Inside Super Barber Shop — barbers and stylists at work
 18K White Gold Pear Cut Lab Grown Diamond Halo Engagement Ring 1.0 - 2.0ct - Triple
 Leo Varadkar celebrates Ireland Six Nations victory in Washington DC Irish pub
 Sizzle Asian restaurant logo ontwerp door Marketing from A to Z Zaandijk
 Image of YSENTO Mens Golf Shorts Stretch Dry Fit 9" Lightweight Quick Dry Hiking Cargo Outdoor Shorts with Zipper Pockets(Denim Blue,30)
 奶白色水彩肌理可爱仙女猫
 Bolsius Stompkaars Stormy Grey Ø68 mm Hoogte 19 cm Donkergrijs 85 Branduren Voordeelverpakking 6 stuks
• • • • • • •
Brief: Take the entries above and set them all down again exactly as they read.

Answer to this exercise:
Inside Super Barber Shop — barbers and stylists at work
 18K White Gold Pear Cut Lab Grown Diamond Halo Engagement Ring 1.0 - 2.0ct - Triple
 Leo Varadkar celebrates Ireland Six Nations victory in Washington DC Irish pub
 Sizzle Asian restaurant logo ontwerp door Marketing from A to Z Zaandijk
 Image of YSENTO Mens Golf Shorts Stretch Dry Fit 9" Lightweight Quick Dry Hiking Cargo Outdoor Shorts with Zipper Pockets(Denim Blue,30)
 奶白色水彩肌理可爱仙女猫
 Bolsius Stompkaars Stormy Grey Ø68 mm Hoogte 19 cm Donkergrijs 85 Branduren Voordeelverpakking 6 stuks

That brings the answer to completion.